Lendemains de match

Une comédie grave et folle sur les rapports entre la France et l’Allemagne. Brillant.

Gilles Costaz  • 26 juin 2014 abonné·es

Le spectacle France-Allemagne, de Jocelyn Lagarrigue, Rainer Sievert et Marc Wels, n’a rien à voir avec la Coupe du monde. Du moins pas celle de 2014. Il fait allusion à un match de la Coupe 1982, pour le dépasser et traiter des relations entre nos deux pays. En 1982, à Séville, l’équipe d’Allemagne battit les Bleus, d’extrême justesse, aux tirs au but. Et le match fut brutal (une fracture de la mâchoire opérée sur un Français par un joueur allemand !). Aujourd’hui encore, bien des gens, en France, s’en souviennent comme d’une blessure douloureuse, d’une injustice à réparer, alors que les Allemands ont oublié. C’était un match parmi d’autres, et d’ailleurs ils perdirent la finale contre l’Italie.

Le propos de la pièce, écrite par deux Français et un Allemand, part de cette rancune française et se promène à travers notre histoire commune (de Gaulle-Adenauer, Mitterrand-Brandt, mais aussi et surtout beaucoup de petits faits quotidiens) pour traquer les incompréhensions et les clichés. Ça commence fort. ** Alors que tout semble tranquille dans un appartement au sol de couleur verte traversé par une ligne de séparation (comme au foot !), on découvre un Hitler vivant et fort moustachu dans le placard ! C’est dire qu’on ne se débarrasse pas de ce très méchant souvenir-là quand on pense à nos voisins. C’est dire aussi que le spectacle ne recule pas devant le burlesque féroce.

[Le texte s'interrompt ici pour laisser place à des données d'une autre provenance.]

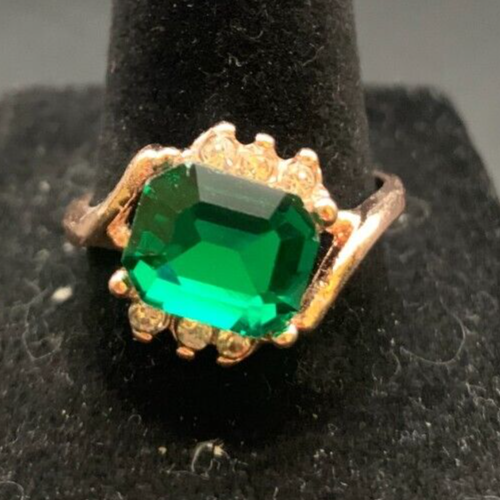 Vintage Antique Gold Tone Green Rhinestone CZ Ring - Size 9.5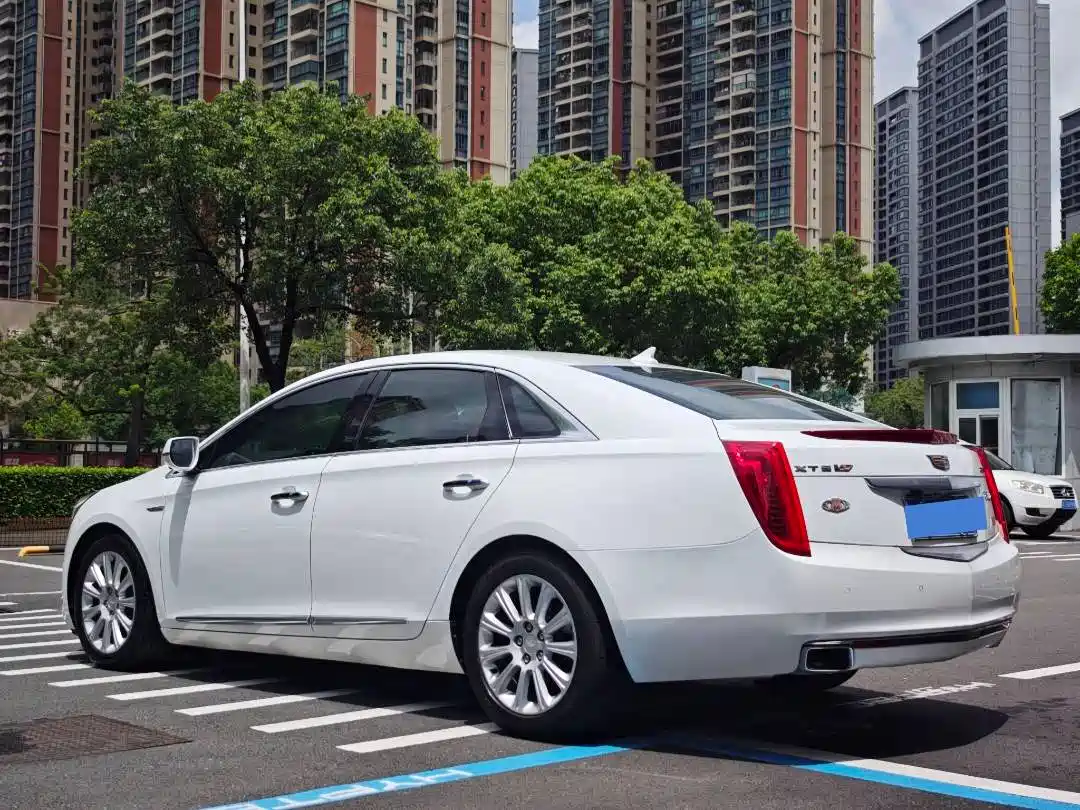 Photo 6 - Cadillac XTS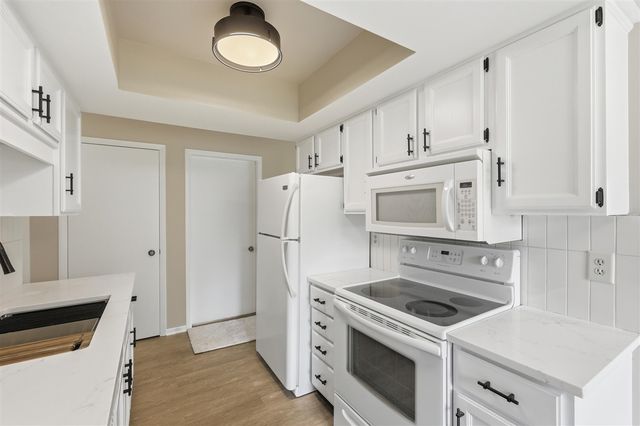 53 Old Mill Drive 2, Holland, MI 49423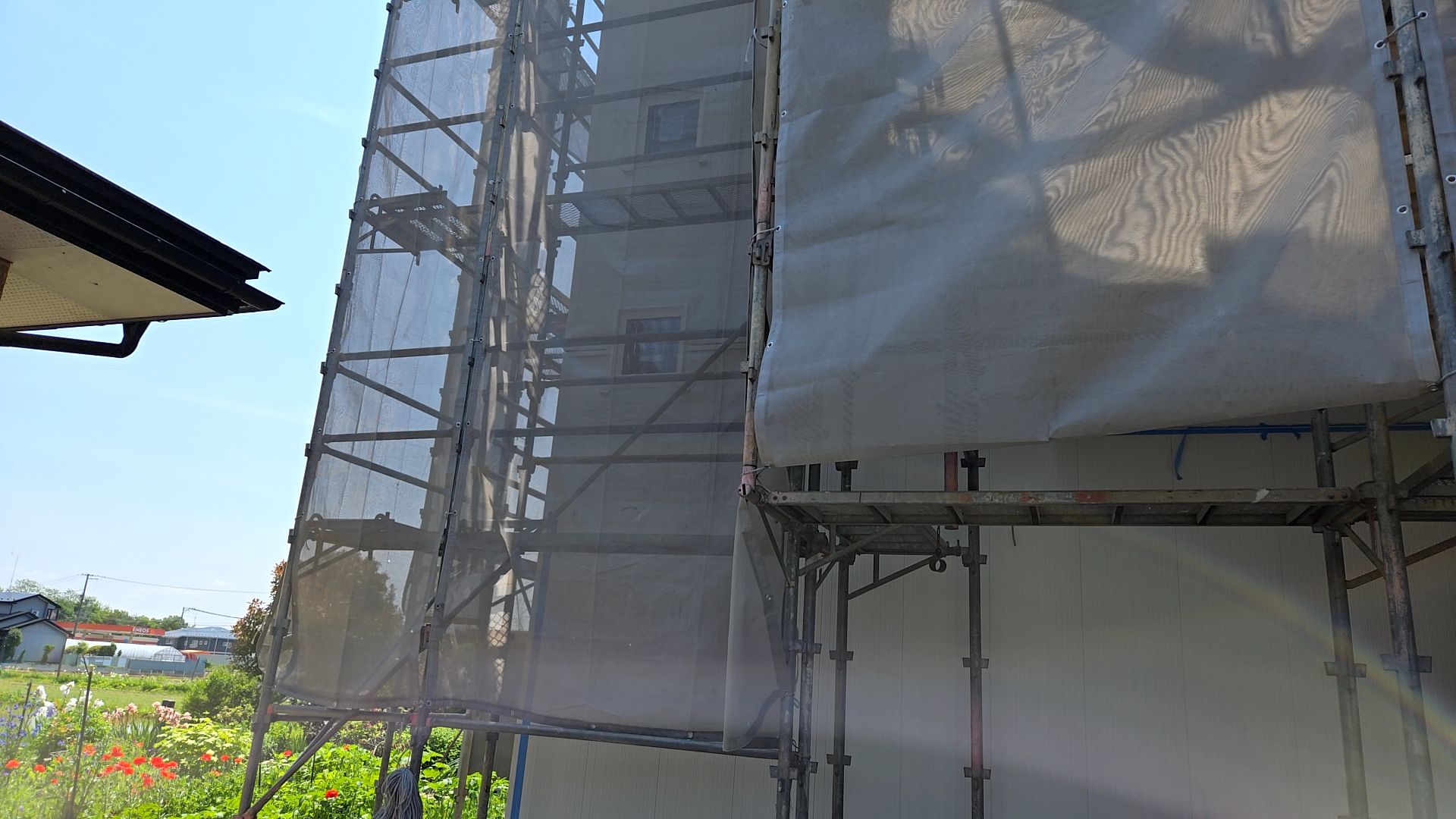 足場の解体が行われる予定です。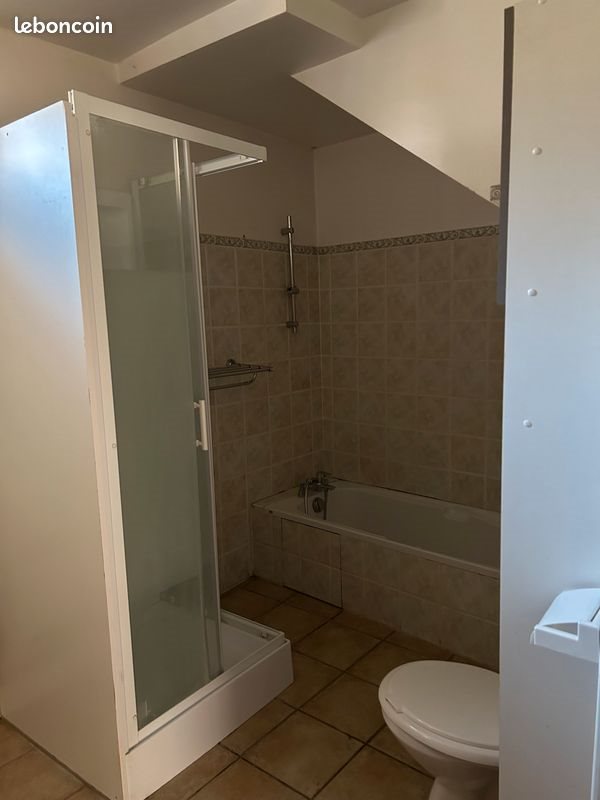 Appartement à louer, 100m², Mirabel-aux-Baronnies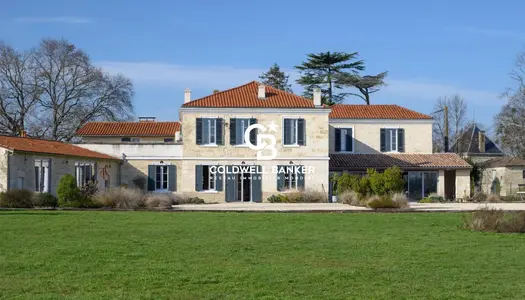 Maison 14 pièces 380 m²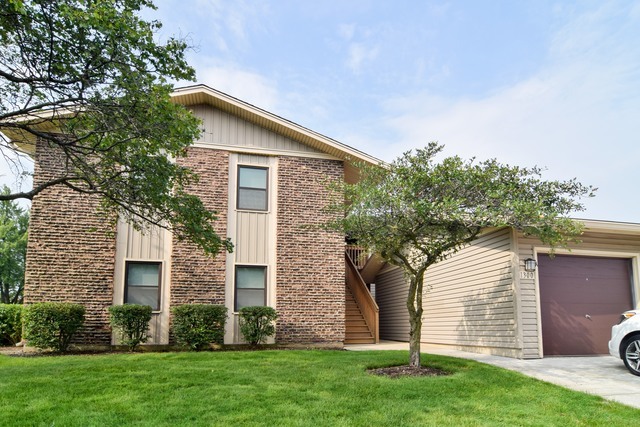 Property Photo:  1300 Bamberg Court B  IL 60133 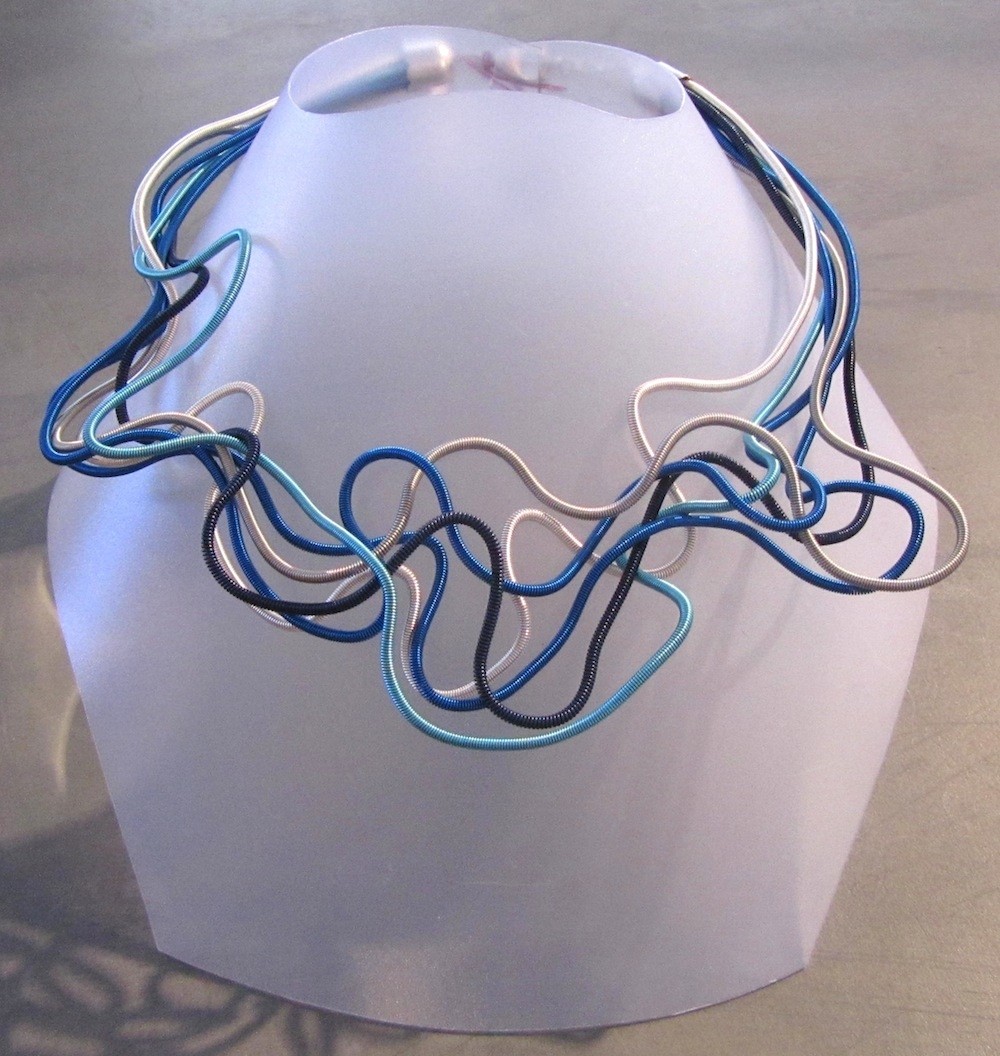 Collier LIANE, no 38, de l'artiste Sandrine Giraud, Ce bijou modulable, toujours original, marie avec élégance la grâce des perles avec l’originalité des lignes résolument contemporaines.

Toute une série de discussions se met en place ; on parle du fameux match, on entre dans les détails personnels – les flirts au temps de la jeunesse, les parents, c’est-à-dire la génération d’avant dans les deux pays… –, on se rappelle la Grande Illusion de Jean Renoir et son message inégalé, Rainer dit au passage qu’il a beaucoup interprété d’odieux soldats allemands quand il joue dans des films français. Le ton monte et descend selon les allures d’une pièce en liberté qui passe de la farce pamphlétaire à la partie de ping-pong d’un faux café du commerce. Jocelyn Lagarrigue ** campe un Français plein d’états d’âme avec une élégance rêveuse. Rainer Sievert incarne l’Allemand avec une belle énergie et emmène la soirée dans des zones assez folles. Il est aussi le metteur en scène et, ayant choisi un contexte rétro (tourne-disques, formica), il débusque gaiement tous nos démons. C’est touffu, boxé, percutant. On sait que les clichés ont la vie dure, mais ils sont là brillamment matraqués.